§ To do
The entries are to be returned exactly, with images left out.

(Dataset records)

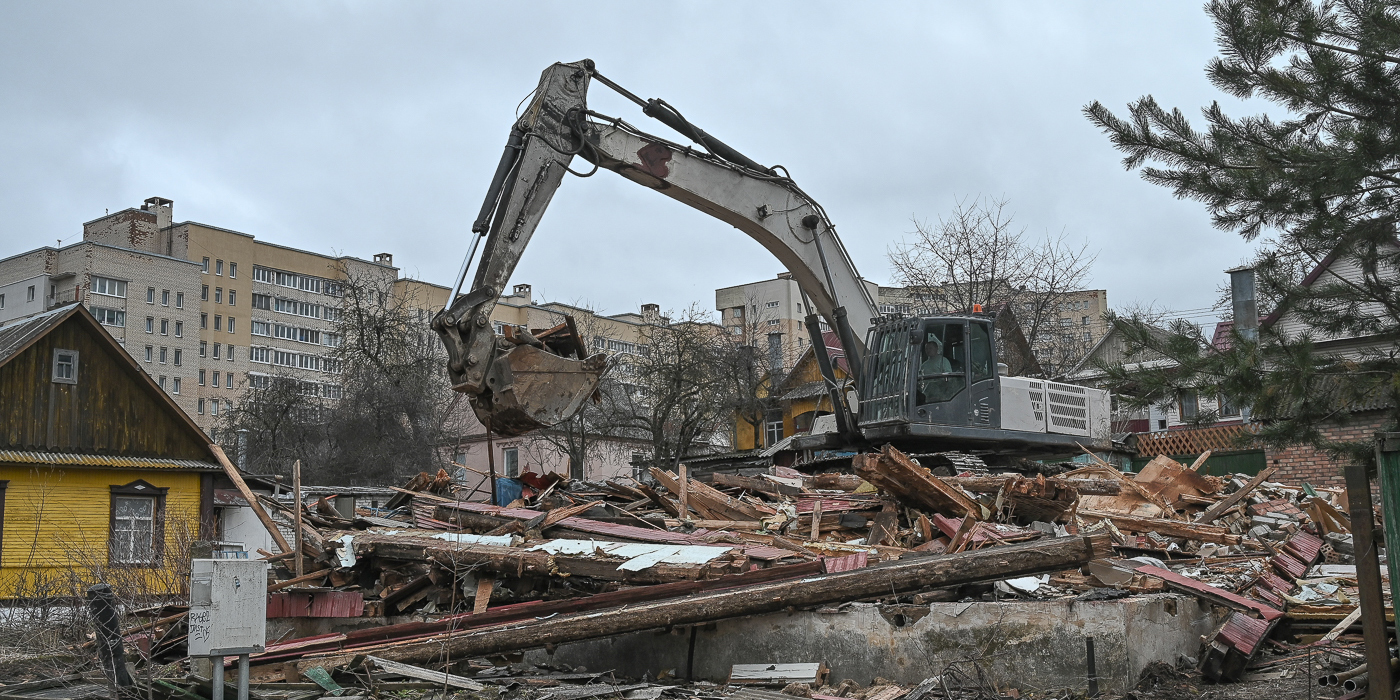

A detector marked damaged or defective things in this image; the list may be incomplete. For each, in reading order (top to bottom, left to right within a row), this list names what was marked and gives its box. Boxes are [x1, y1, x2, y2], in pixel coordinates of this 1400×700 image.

rusty metal roofing [0, 448, 219, 470]
broken wooden beam [370, 532, 1104, 664]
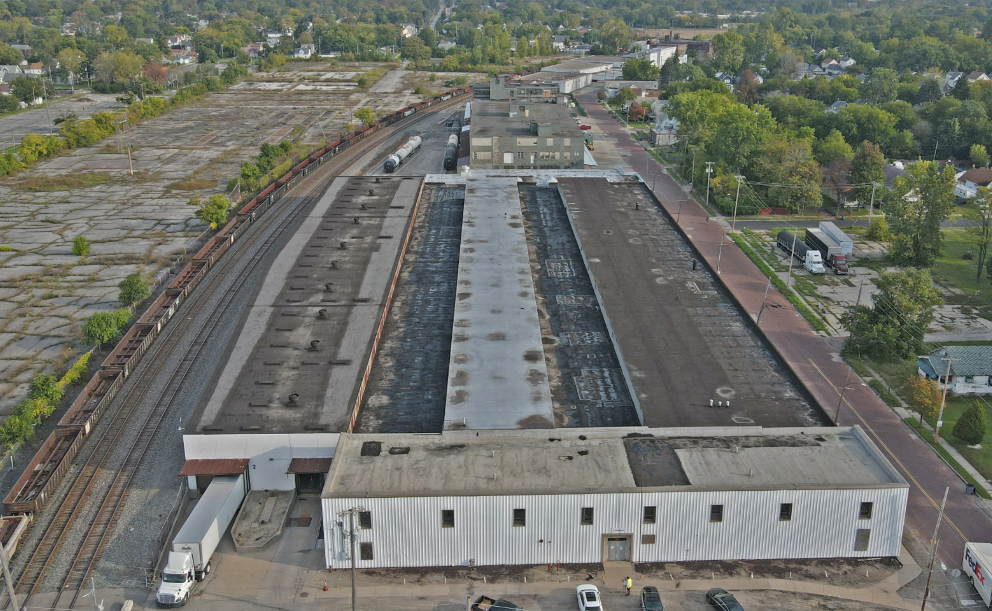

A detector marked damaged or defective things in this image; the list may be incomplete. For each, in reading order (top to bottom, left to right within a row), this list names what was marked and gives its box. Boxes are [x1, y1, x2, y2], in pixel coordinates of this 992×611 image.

cracked concrete lot [0, 62, 442, 414]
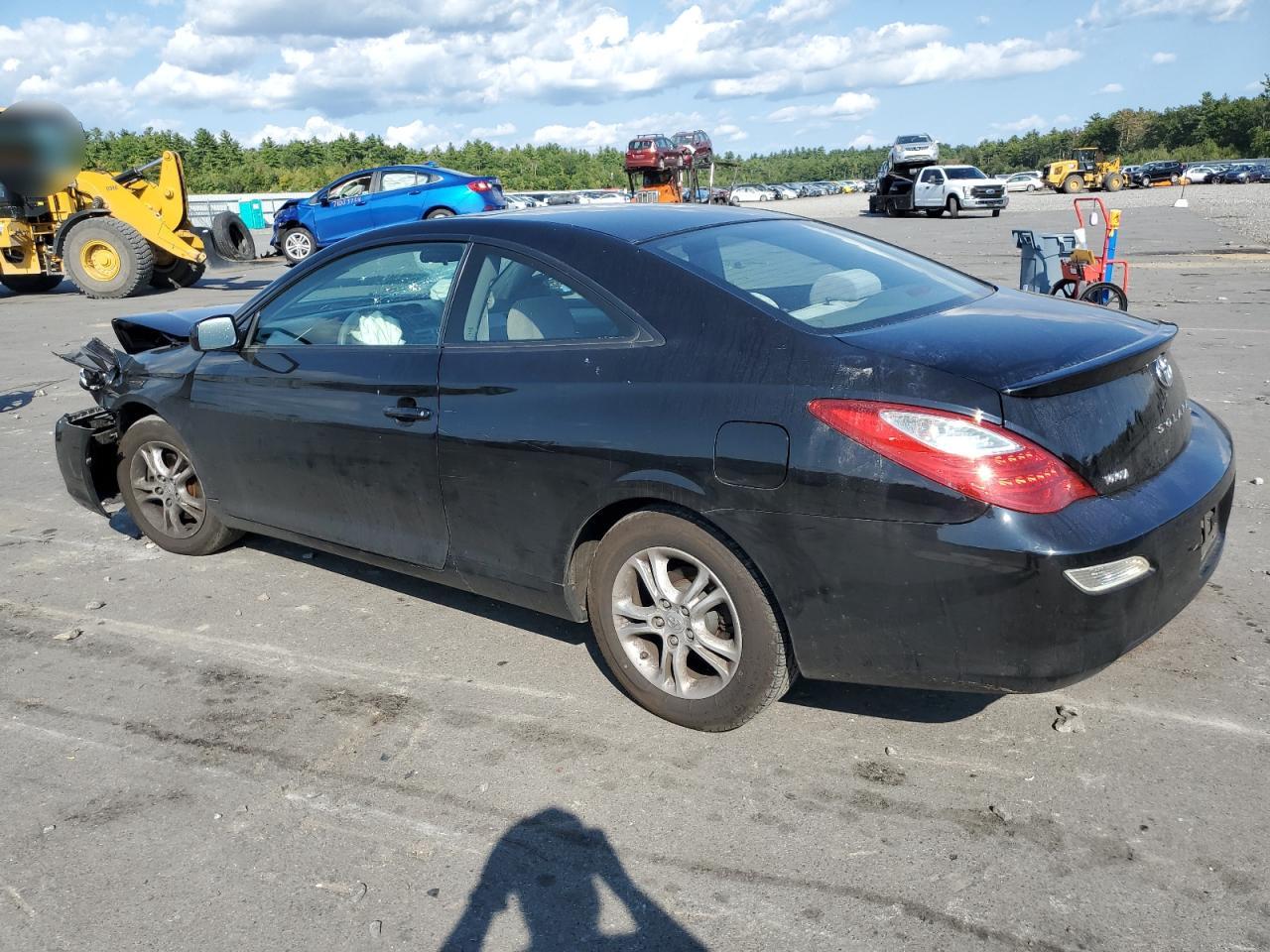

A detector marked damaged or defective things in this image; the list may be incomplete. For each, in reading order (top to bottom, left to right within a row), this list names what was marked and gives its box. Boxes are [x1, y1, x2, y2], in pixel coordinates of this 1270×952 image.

damaged front bumper [54, 406, 119, 518]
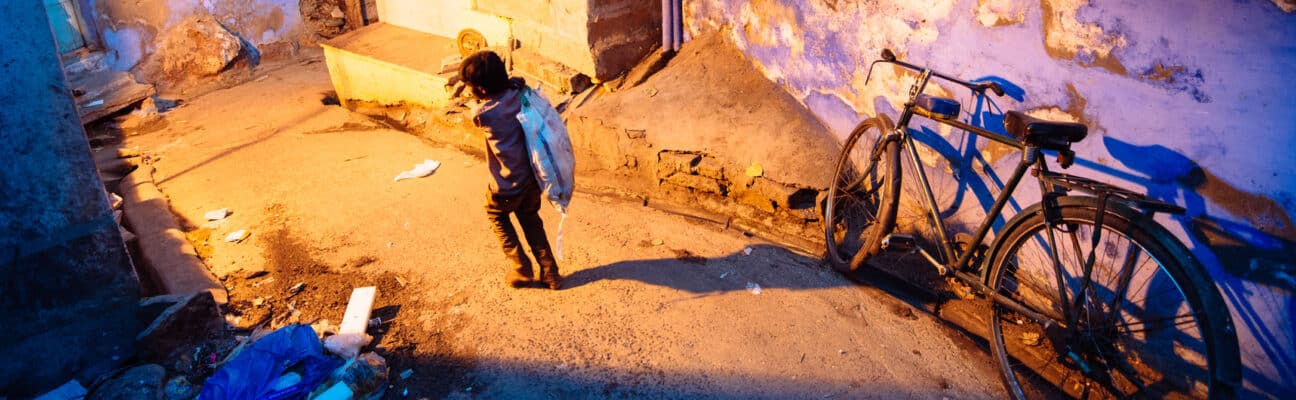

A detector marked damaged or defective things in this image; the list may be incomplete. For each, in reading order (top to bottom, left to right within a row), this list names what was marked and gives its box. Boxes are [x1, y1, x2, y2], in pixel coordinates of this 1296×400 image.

peeling plaster wall [92, 0, 301, 70]
cracked wall [684, 0, 1290, 393]
peeling plaster wall [689, 0, 1296, 393]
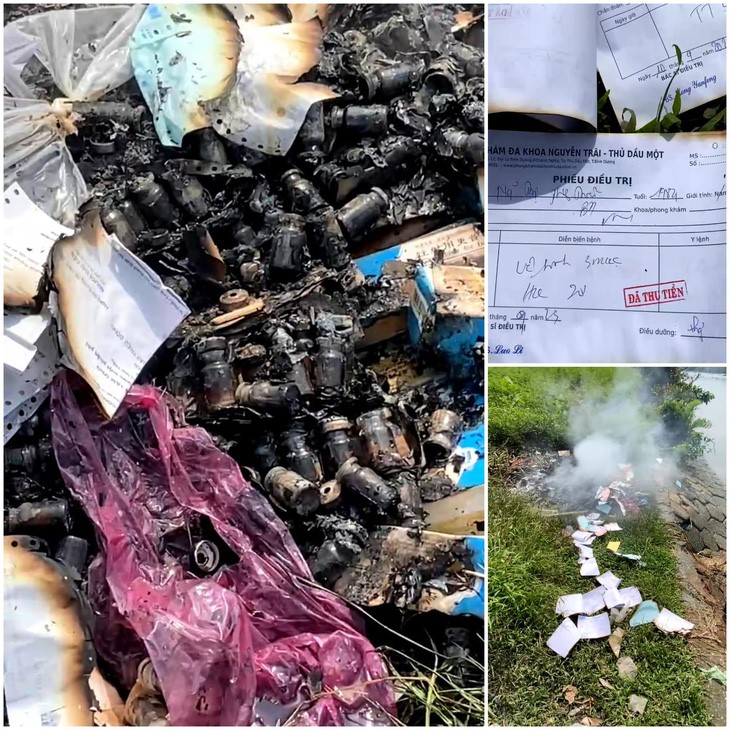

§ Answer section
A detector marked damaged or defective things in this image; the list may be incomplete. For each, in reading order (top to bottom, left to right within a row), this list names what was marked and gives its box. Boxes are [x1, y1, x2, y2], in pixel coordinates of this 1400×700 image.

rusty metal roofing [0, 448, 219, 470]
broken wooden beam [370, 532, 1104, 664]

A detector marked damaged or defective things in this image; the list may be incomplete. For each, in reading order (top to bottom, left to right within a row), this list names what was marked and gives its box. Boxes are [x1, y1, x2, y2], in pixel coordinates of this 992×611 image.

cracked concrete lot [0, 62, 442, 414]

A detector marked damaged or defective things in this image; the list may be incomplete. For each, in reading order (top to bottom, left to right within a row), this list names what was marked and gives its box. Boxes are [x1, y1, x2, y2], in pixel coordinates of this 1270×952 image.

damaged front bumper [54, 406, 119, 518]

A detector marked damaged or defective things in this image; the list may be incomplete. For each, in reading order (top to bottom, left to right within a row), this list names what was marked and gives its box. Boxes are [x1, y1, x2, y2], in pixel coordinates of this 1296×400 image.

peeling plaster wall [92, 0, 301, 70]
cracked wall [684, 0, 1290, 393]
peeling plaster wall [689, 0, 1296, 393]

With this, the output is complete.